:: Data in this exercise
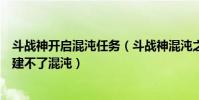 斗戰神開啟混沌任務(斗戰神混沌之禍任務完成了為什么創建不了混沌)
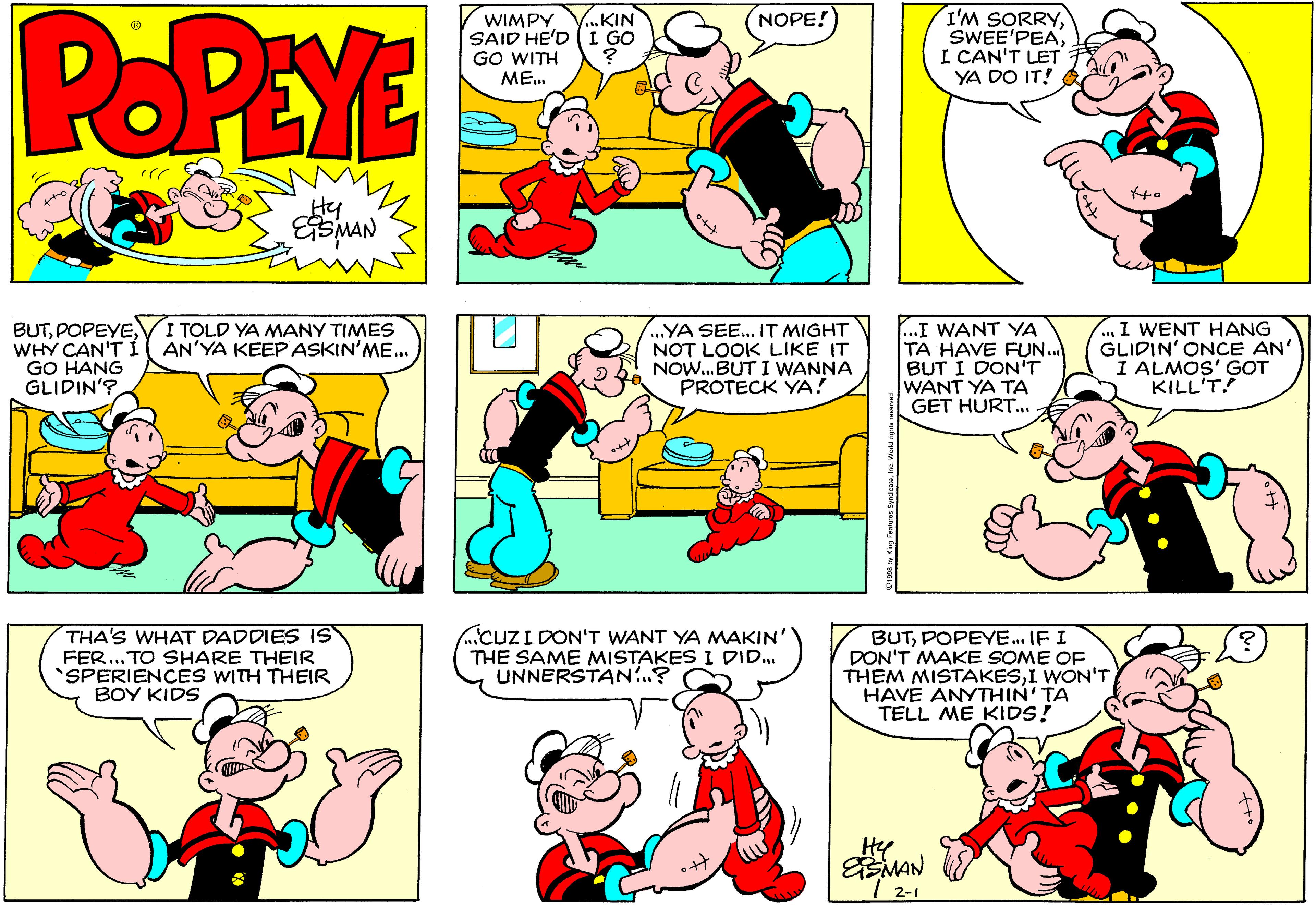 Product OCR: POPEYE I'M SORRYI CAN'T LET YA DO IT! ..KIN NOPE! WIMPY SAID HE'D(I GO GO WITH ME. BUTWHY CAN'T I ( AN'YA KEEP ASKIN'ME... GO HANG GLIDIN'? I WENT HANG GLIDIN'ONCE AN' I ALMOS' GOT KILL'T! I TOLD YA MANY TIMES .YA SEE.. IT MIGHT NOT LOOK LIKE IT NOW.BUT I WANNA PROTECK YA! ...I WANT YA TA HAVE FUN.. BUT I DON'T WANT YA TA GET HURT.. THA'S WHAT DADDIES IS FER... TO SHARE THEIR SPERIENCES WITH THEIR BOY KIDS CUZI DON'T WANT YA MAKIN' THE SAME MISTAKES I DID. UNNERSTAN...? BUTPOPEYE. IF I DON'T MAKE SOME OF THEM MISTAKESI WON'T HAVE ANYTHIN'TA TELL ME KIDS! Hy MAN 2-1 POPEYE I'M SORRYI CAN'T LET YA DO IT! ..KIN NOPE! WIMPY SAID HE'D(I GO GO WITH ME. BUTWHY CAN'T I ( AN'YA KEEP ASKIN'ME... GO HANG GLIDIN'? I WENT HANG GLIDIN'ONCE AN' I ALMOS' GOT KILL'T! I TOLD YA MANY TIMES .YA SEE.. IT MIGHT NOT LOOK LIKE IT NOW.BUT I WANNA PROTECK YA! ...I WANT YA TA HAVE FUN.. BUT I DON'T WANT YA TA GET HURT.. THA'S WHAT DADDIES IS FER... TO SHARE THEIR SPERIENCES WITH THEIR BOY KIDS CUZI DON'T WANT YA MAKIN' THE SAME MISTAKES I DID. UNNERSTAN...? BUTPOPEYE. IF I DON'T MAKE SOME OF THEM MISTAKESI WON'T HAVE ANYTHIN'TA TELL ME KIDS! Hy MAN 2-1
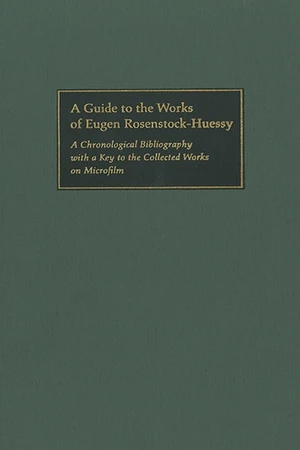 Cover of A Guide to the Works of Eugen Rosenstock-Huessy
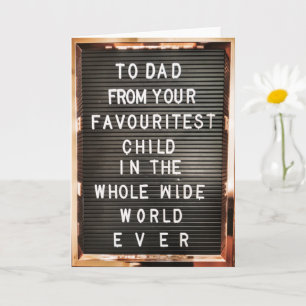 Father's day  dad  favourite child  birthday card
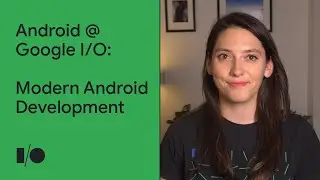 The top 3 things to know in Modern Android Development | Android @ Google I/O'21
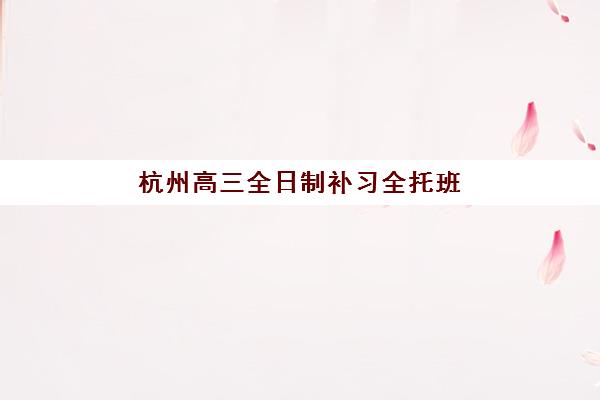 杭州高三全日制补习全托班封闭式集训营有哪些选择？2025年最新TOP机构排名与择校全攻略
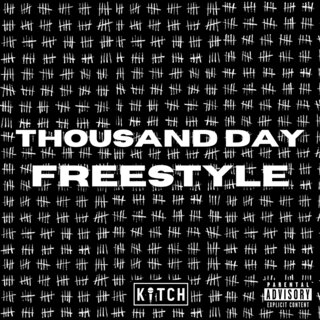 Thousand Day Freestyle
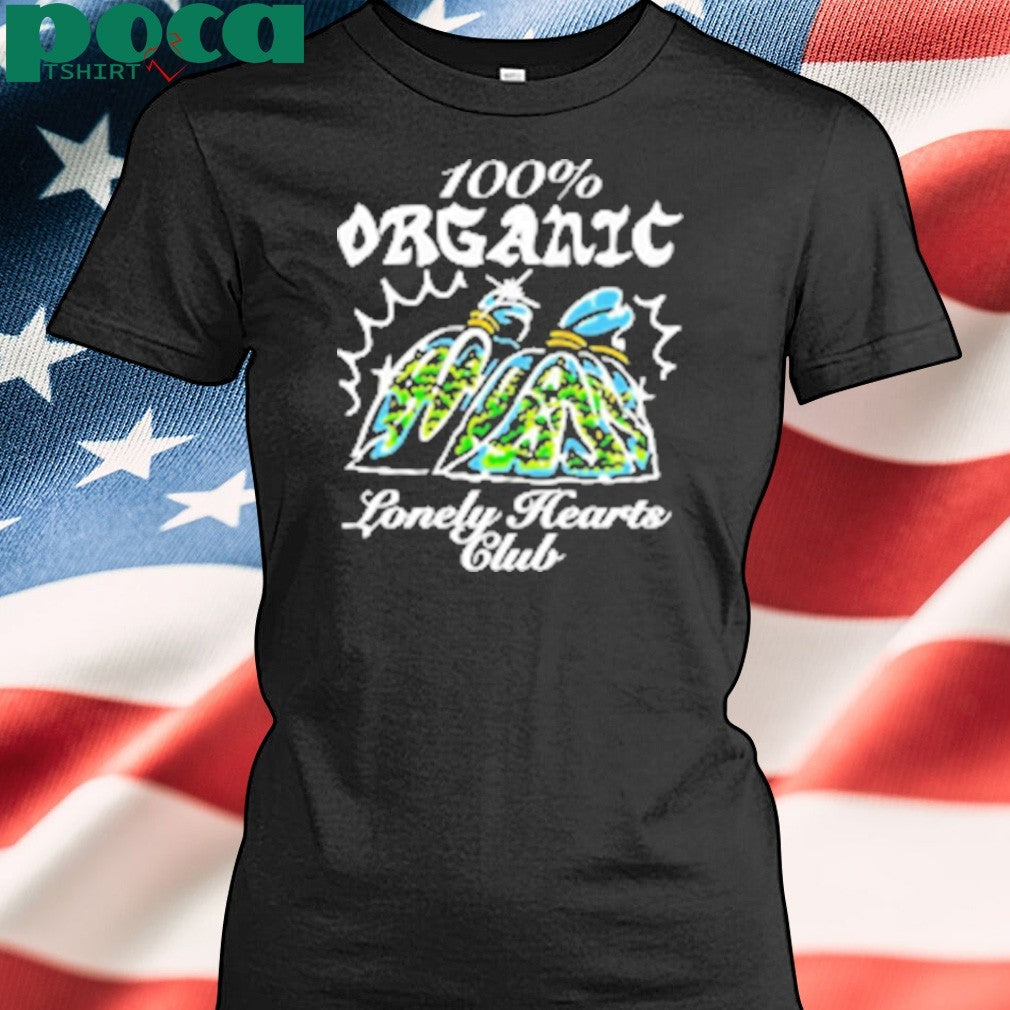 100% Organic Lonely Hearts Club Shirt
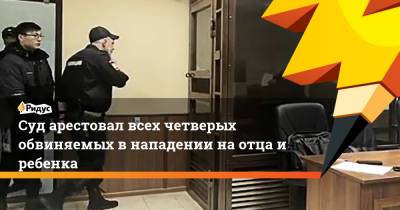 Суд арестовал всех четверых обвиняемых в нападении на отца и ребенка - ridus.ru - Москва - Азербайджан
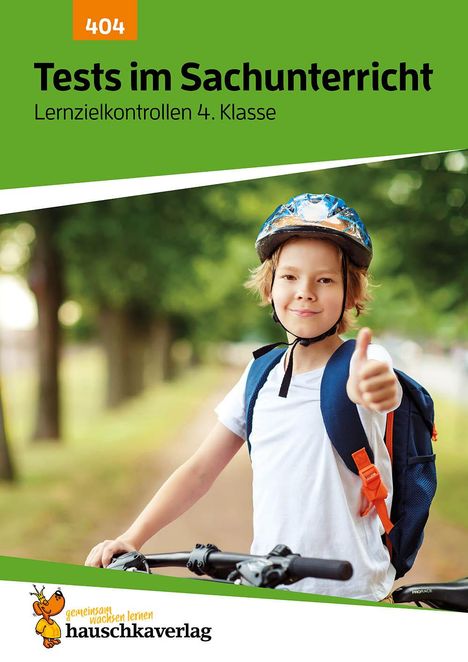 "Tests im Sachunterricht. Lernzielkontrollen 4. Klasse." Ein Kind mit Helm und Rucksack auf einem Fahrrad, Daumen hoch.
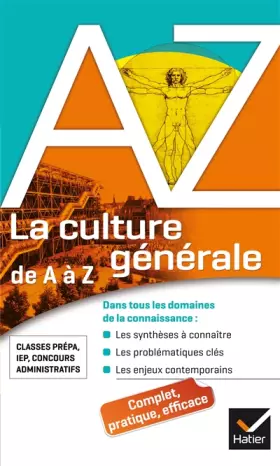 Couverture du produit · La culture générale de A à Z: classes prépa, IEP, concours administratifs...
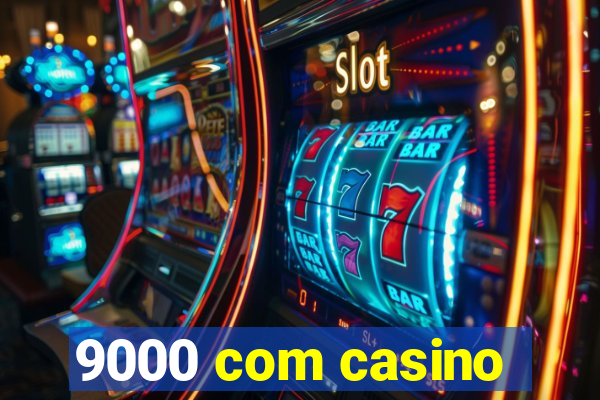 9000 com casino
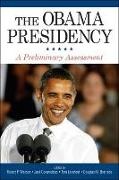 Robert P. Watson, Robert P. (EDT)/ Brattebo Watson, Douglas M Brattebo, Douglas M. Brattebo,  Brattebo Douglas M., Jack Covarrubias... - The Obama Presidency - A Preliminary Assessment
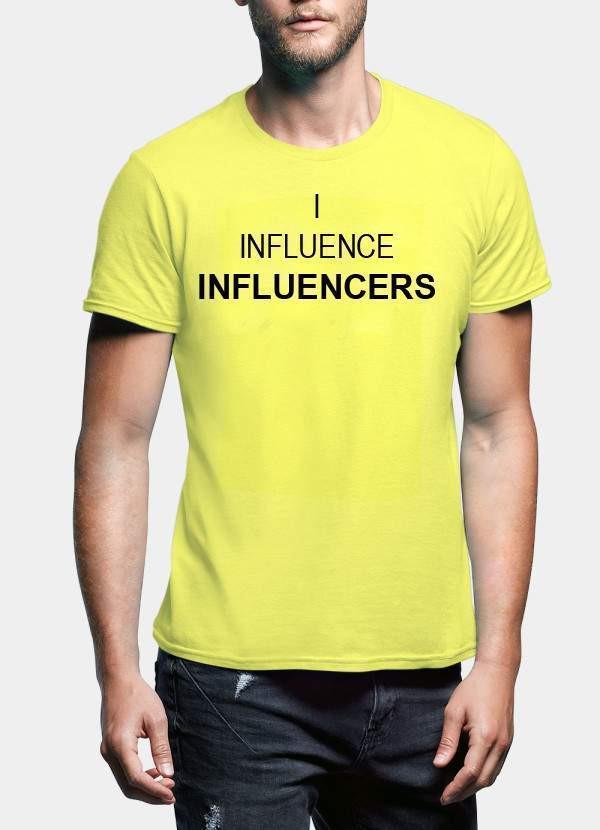 I INFLUENCE INFLUENCERS T-shirt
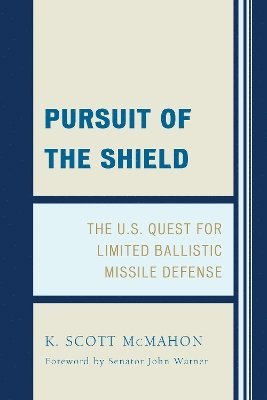 K. Scott McMahon - Pursuit of the Shield, Inbunden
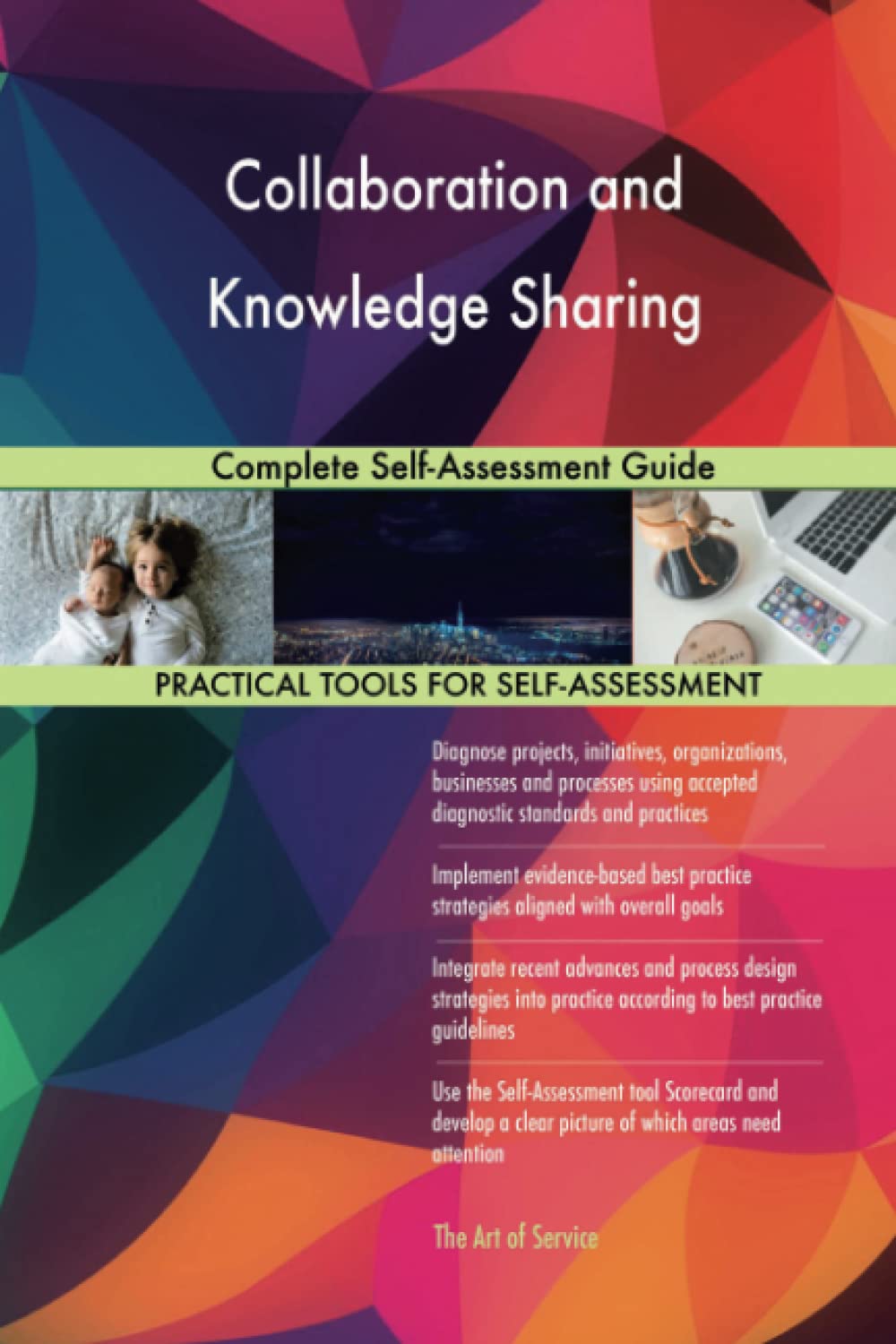 Collaboration and Knowledge Sharing Complete Self-Assessment Guide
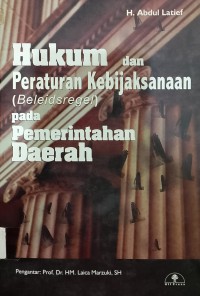 Hukum dan peraturan kebjkasanaan pada pemerintah daerah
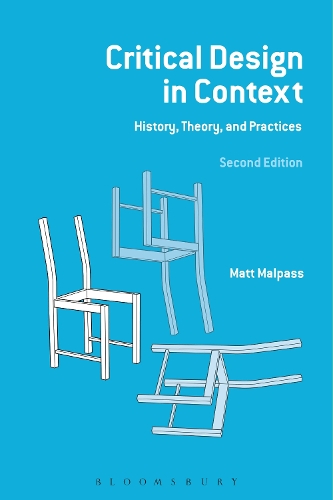 Бумажная книга «Critical Design in Context: History, Theory and Practices», автор Мэтт Малпасс - фото №1
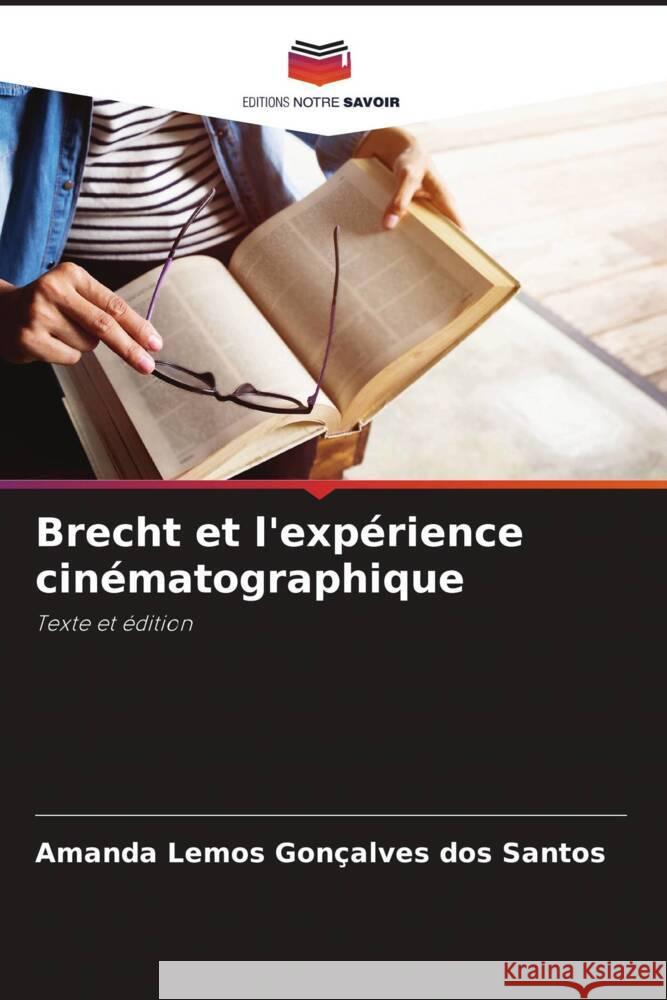 Brecht et l'exp?rience cin?matographique Amanda Lemo 9786207966431 Editions Notre Savoir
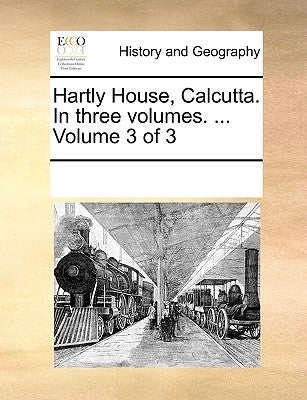 Hartly House, Calcutta. in Three Volumes. ... Volume 3 of 3 by Multiple Contributors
::::
_Your assignment:_
Beginning at the line above that contains "Суд арестовал всех" and going on through the line that contains "9000 com casino", please copy every line exactly, leaving the pictures out and adding nothing.

_Solution:_
 Суд арестовал всех четверых обвиняемых в нападении на отца и ребенка - ridus.ru - Москва - Азербайджан
 "Tests im Sachunterricht. Lernzielkontrollen 4. Klasse." Ein Kind mit Helm und Rucksack auf einem Fahrrad, Daumen hoch.
 Couverture du produit · La culture générale de A à Z: classes prépa, IEP, concours administratifs...
 9000 com casino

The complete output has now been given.